Prison
Eleven-a-side
sudden dismay—the ball’s gone
right over the wall.
•
More noise than need be
just to startle time into
getting a move on.
•
Wrongly spelled, those lives—
loveliness remains, the way
tattoo-marks remain.
•
When the runaway
was caught he’d gathered pockets-
ful of chanterelles.
•
Din from the workshops
and the watchtower’s heavy steps
perplexed the forest.
•
The tall doors swing back.
We’re inside the prison yard
in a new season.
•
The wall lamps are lit—
the night-flier sees a smudge
of unreal brightness.
•
An enormous truck
rumbles past at night. The dreams
of inmates tremble.
•
The boy drinks milk and
sleeps securely in his cell,
a mother of stone.
THE HALF-FINISHED HEAVEN
DEN HALVFÄRDIGA HIMLEN
1962
• I •
The Couple
They switch off the light and its white shade
glimmers for a moment before dissolving
like a tablet in a glass of darkness. Then up.
The hotel walls rise into the black sky.
The movements of love have settled, and they sleep
but their most secret thoughts meet as when
two colors meet and flow into each other
on the wet paper of a schoolboy’s painting.
It is dark and silent.
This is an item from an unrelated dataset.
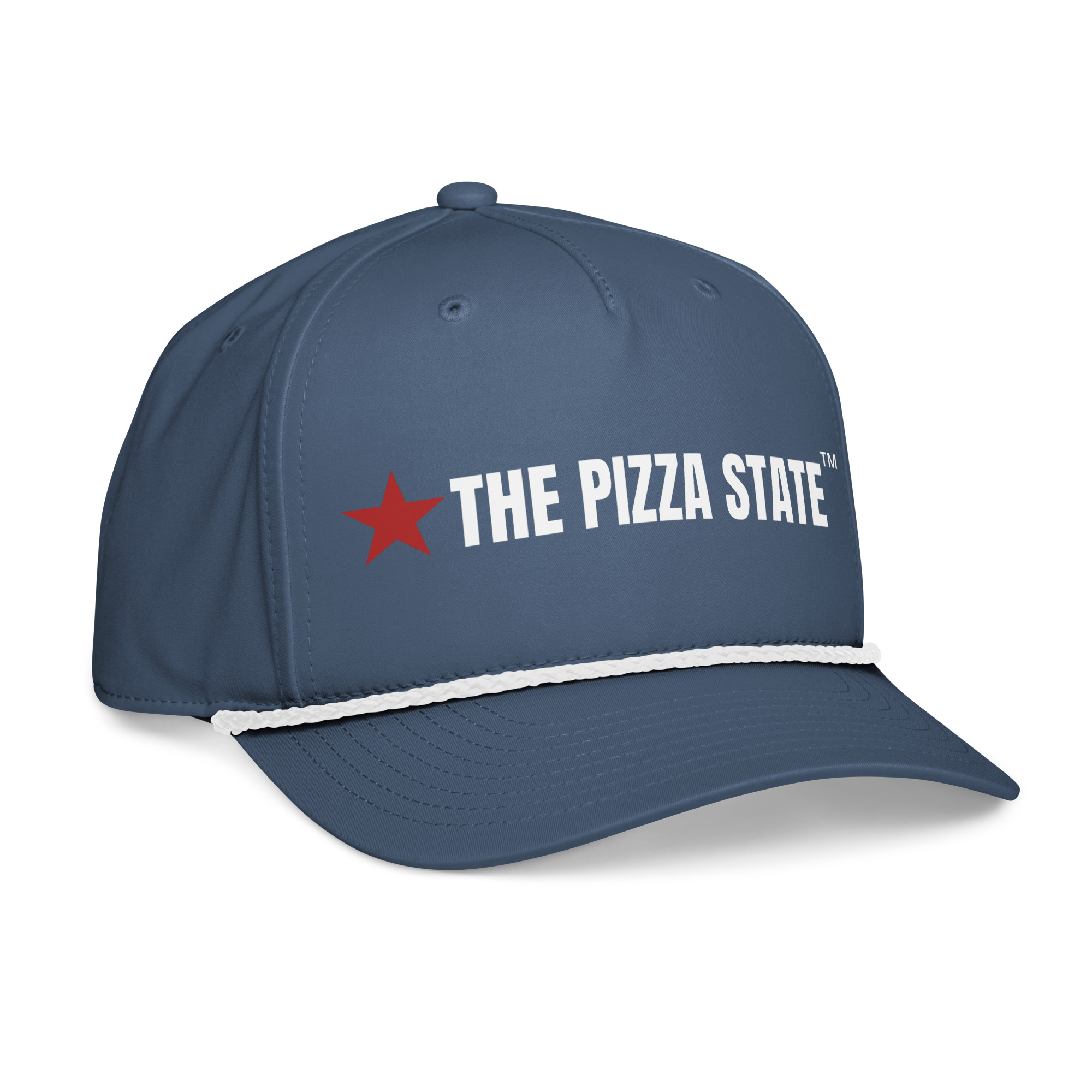 The Pizza State™ Classic rope cap - Image 4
But the town has pulled closer
tonight. With quenched windows. The houses have approached.
They stand close up in a throng, waiting,
a crowd whose faces have no expressions.
The Tree and the Sky
There’s a tree walking around in the rain,
it rushes past us in the pouring grey.
It has an errand. It gathers life
out of the rain like a blackbird in an orchard.
When the rain stops so does the tree.
There it is, quiet on clear nights
waiting as we do for the moment
when the snowflakes blossom in space.
Face to Face
In February living stood still.
The birds flew unwillingly and the soul
chafed against the landscape as a boat
chafes against the pier it lies moored to.
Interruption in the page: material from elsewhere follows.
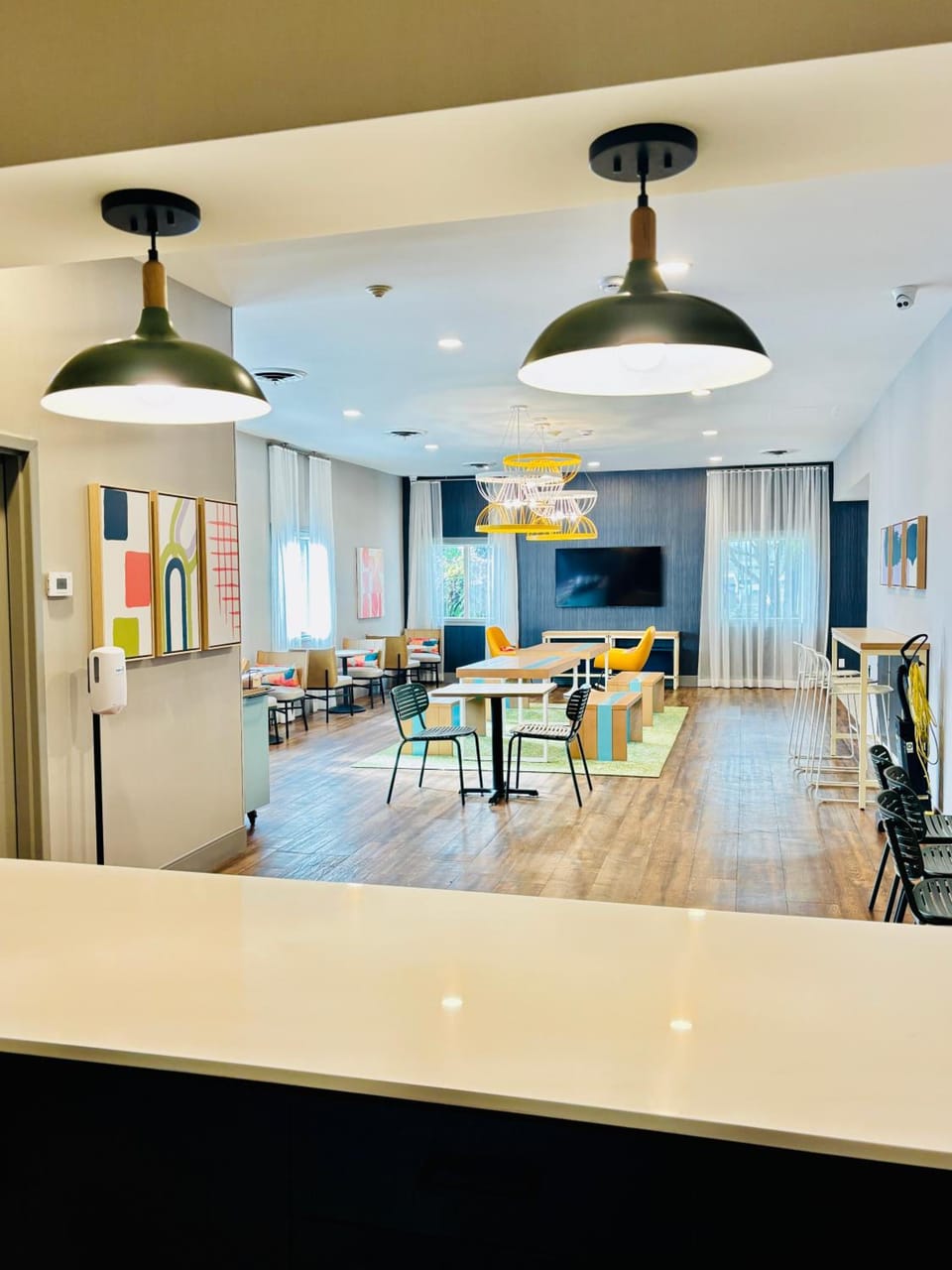 Food and beverages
The trees stood with their backs turned to me.
The deep snow was measured with dead straws.
The footprints grew old out on the crust.
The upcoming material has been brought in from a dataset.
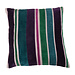 Linen & More Cushion Stripes 45x45 purple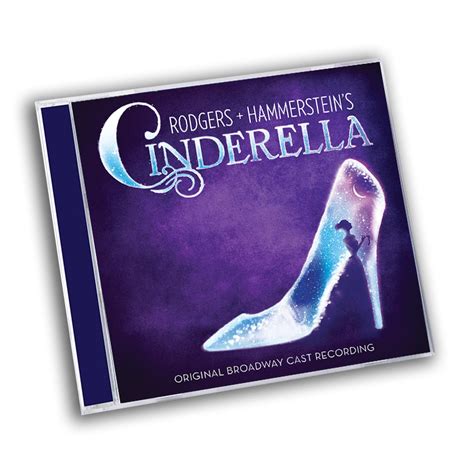 Cinderella Broadway Cast CD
Under a tarpaulin language pined.
One day something came to the window.
Work was dropped, I looked up.
The colors flared. Everything turned around.
The earth and I sprang toward each other.
Ringing
And the thrush blew its song on the bones of the dead.
We stood under a tree and felt time sinking and sinking.
The churchyard and the schoolyard met and widened into each other like two streams in the sea.
The ringing of the church bells rose to the four winds borne by the gentle leverage of gliders.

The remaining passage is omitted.